Notre chronique précédente sur la réforme du système éducatif a suscité l’intérêt de certains collègues et amis avec lesquels des conversations ont été engagées en rapport à l’université. On peut donc inscrire la présente chronique dans le prolongement de la conclusion de la précédente quant à « d’autres remarques plus ponctuelles [qui suivraient] au fur et à mesure de l’évolution du processus de réforme ». Un constat de départ a été souligné dans nos conversations évoquées ci-dessus : la carence en ressources d’encadrement à l’université suite au départ à la retraite de plusieurs collègues du collège A.
Au passage, je rappellerais volontiers une remarque précédemment conduite dans mes chroniques pour insister sur la méprise à vouloir imposer – syndicalement – la promotion automatique contre les dossiers scientifique et pédagogique exigés dans la formule en cours dont l’objectif est de maintenir l’enseignant du supérieur en implication et en engagement dans la dynamique pédagogique et de recherche. En effet, c’est par cette logique de transmission et de succession – qui n’est pas simple opération d’imitation, mais surtout un contexte d’interrogation et de réflexion – que se développe et évolue la logique de l’école, au sens large, et se construit une vraie culture citoyenne.

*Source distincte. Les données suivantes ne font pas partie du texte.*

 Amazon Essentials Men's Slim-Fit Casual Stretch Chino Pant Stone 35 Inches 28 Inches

Aujourd’hui, dans des facultés et des instituts censés « faire école » de par leur histoire, certains départements se retrouvent avec à peine deux collègues du collège A dont chacun peut se voir attribuer une quinzaine d’heures d’enseignement, pour un dû de cinq heures ! Par acquis de conscience, ces enseignants acceptent malgré le sacrifice que cela leur coûte, surtout qu’ils ne peuvent même pas être payés pour toutes les heures supplémentaires qu’ils assurent. Comment s’étonner alors si, deux semaines ou presque après la rentrée, les salles et les amphis sont presque vides ?

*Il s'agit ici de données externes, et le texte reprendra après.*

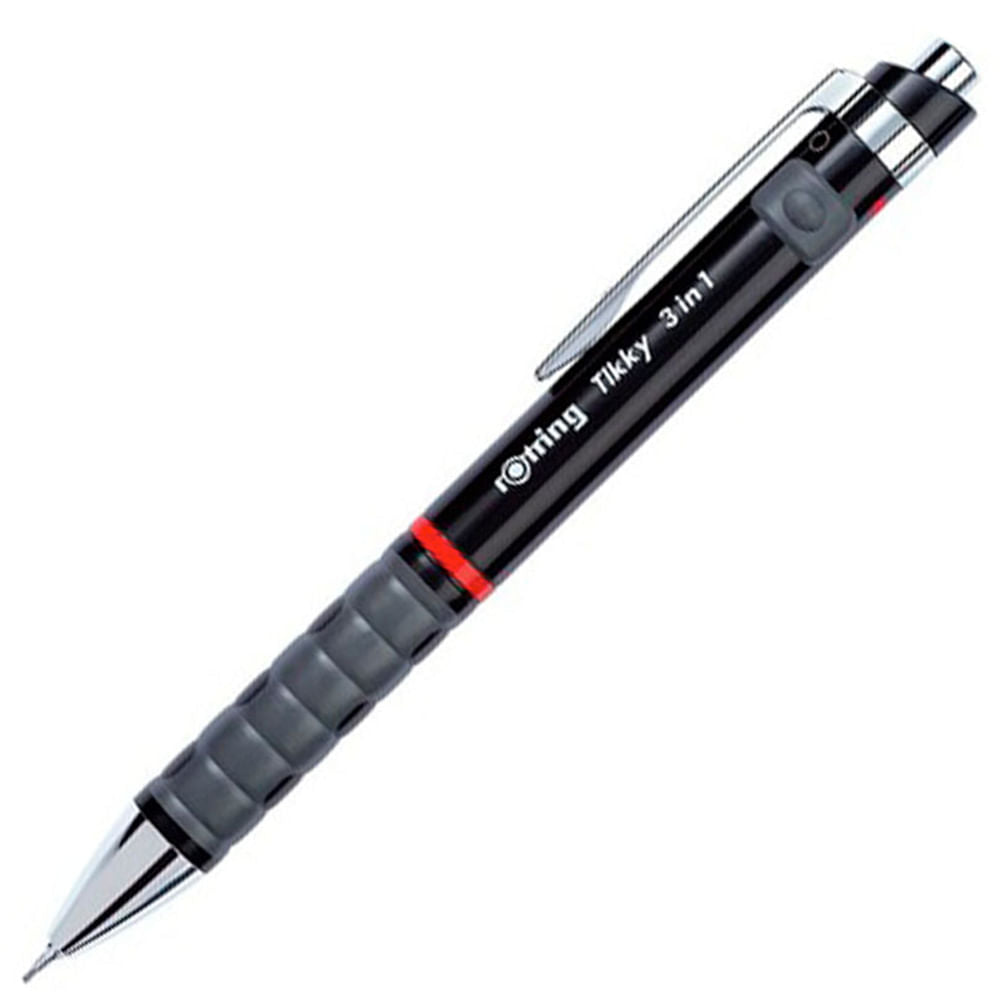 rotring-tikky-multipen-portaminas-3-en-1-05-mm-negro-y-rojo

Cela nous amène à soulever encore la question de l’encadrement. Le ministère pousse vers le dépassement de la formule des unités de recherche pour les laboratoires de recherche ? Noble initiative à condition de lui assurer les conditions de faisabilité : les conditions budgétaires et infrastructurelles évidemment, mais surtout les conditions en ressources humaines. La question est donc, pour une part du problème : « Comment envisager au moins un laboratoire par discipline dans chaque université (ce qui est vraiment misérable) si le nombre d’enseignants du collègue A ne suffit même pas à en faire la moitié ? » Que dire alors lorsque certaines spécificités imposent des orientations de recherche assez variées, dans la logique de l’interdisciplinarité et de la complémentarité interactive ?

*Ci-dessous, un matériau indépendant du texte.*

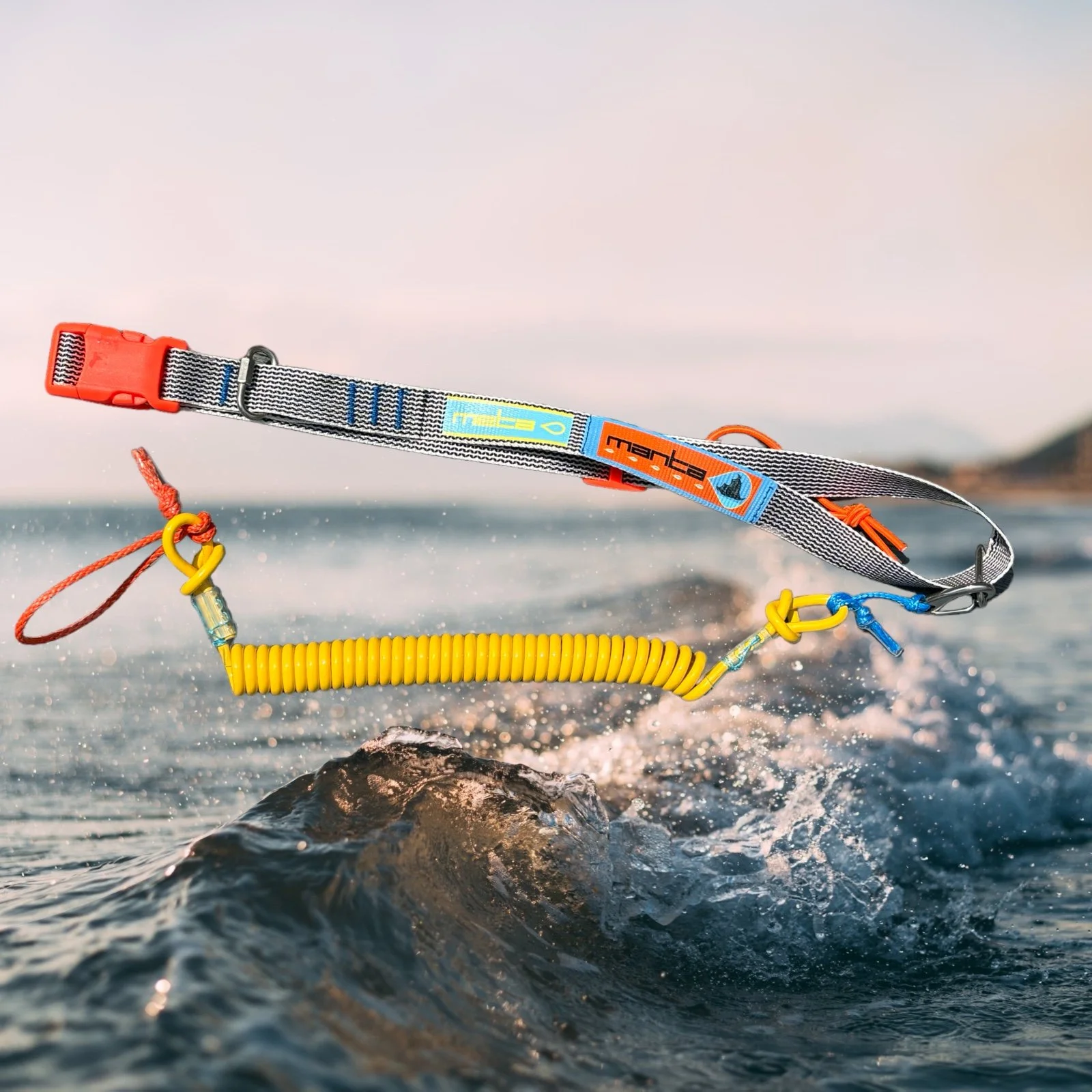 MetaLeash-Manta_paddle-belt-dyneema-poly-stripe-leash-yellow.jpg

À ce propos, un constat n’a pas manqué de susciter l’étonnement et même le désagrément, celui se rapportant au profit que le secteur peut tirer de la révision du statut des professeurs émérites et que l’administration ne semble pas encore très portée à l’évoquer même, que dire donc à y œuvrer efficacement ! On peut se limiter ici à une seule remarque liée à l’implication de ces compétences confirmées – dossiers scientifiques à l’appui – dans les structures de recherche : il est stipulé que les professeurs émérites ne sont pas à compter dans le nombre requis de collègues du collège A pour la constitution, pour la transformation ou pour la reconduction d’une structure de recherche ! Sauf tout respect dû à nos décideurs, n’y a-t-il pas là une aberration certaine ? Comment s’étonner alors si certains collègues de cette catégorie rompent leurs liens avec leur établissement pour aller s’occuper ailleurs ?
D’expérience, nos collaborations avec d’autres universités d’autres pays nous ont permis de voir s’impliquer et s’activer dans leurs universités respectives des collègues restés efficaces et productifs jusqu’à un âge très avancé et jusqu’à leur décès même. C’est que dans ces pays, le professeur émérite l’est pour la vie et son statut lui permet de s’impliquer profondément dans la dynamique pédagogique et de recherche. C’est d’autant plus favorable à l’établissement qu’on ne lui doit pas un salaire autre que son indemnité de retraite. J’ai encore en mémoire feu Raymond Renard qui a œuvré à l’Université de Mons (Belgique) jusqu’à sa mort, à l’âge de 94 ans. À le voir agir, il y avait de quoi donner des complexes à certains jeunes ! Mais son établissement et ses collègues ont tiré profit jusqu’au bout de son expérience et de son savoir, au niveau national et sur le plan international.